* [WHAT THIS TASK INVOLVES]
Copy out exactly the lines from the start of the data to the line containing "Villeroy und Boch". Include both.

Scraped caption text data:
=-=-=

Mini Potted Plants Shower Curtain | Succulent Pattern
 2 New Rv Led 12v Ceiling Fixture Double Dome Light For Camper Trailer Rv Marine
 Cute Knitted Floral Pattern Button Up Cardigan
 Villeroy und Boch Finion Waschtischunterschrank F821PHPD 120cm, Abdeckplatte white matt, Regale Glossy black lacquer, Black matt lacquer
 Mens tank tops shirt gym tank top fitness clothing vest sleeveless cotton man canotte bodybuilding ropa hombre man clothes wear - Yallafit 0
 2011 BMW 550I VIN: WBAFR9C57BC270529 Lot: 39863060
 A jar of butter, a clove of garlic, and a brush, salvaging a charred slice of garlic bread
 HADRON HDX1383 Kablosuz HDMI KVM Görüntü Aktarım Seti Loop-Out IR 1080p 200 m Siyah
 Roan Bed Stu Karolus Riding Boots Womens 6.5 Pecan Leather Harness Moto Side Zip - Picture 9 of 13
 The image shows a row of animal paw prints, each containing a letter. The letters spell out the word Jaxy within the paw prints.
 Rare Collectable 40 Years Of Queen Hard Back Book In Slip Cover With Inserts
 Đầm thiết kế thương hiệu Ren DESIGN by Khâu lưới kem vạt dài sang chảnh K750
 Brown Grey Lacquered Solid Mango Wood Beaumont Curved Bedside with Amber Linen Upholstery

=-=-=

* [RESULT OF THE TASK]
Mini Potted Plants Shower Curtain | Succulent Pattern
 2 New Rv Led 12v Ceiling Fixture Double Dome Light For Camper Trailer Rv Marine
 Cute Knitted Floral Pattern Button Up Cardigan
 Villeroy und Boch Finion Waschtischunterschrank F821PHPD 120cm, Abdeckplatte white matt, Regale Glossy black lacquer, Black matt lacquer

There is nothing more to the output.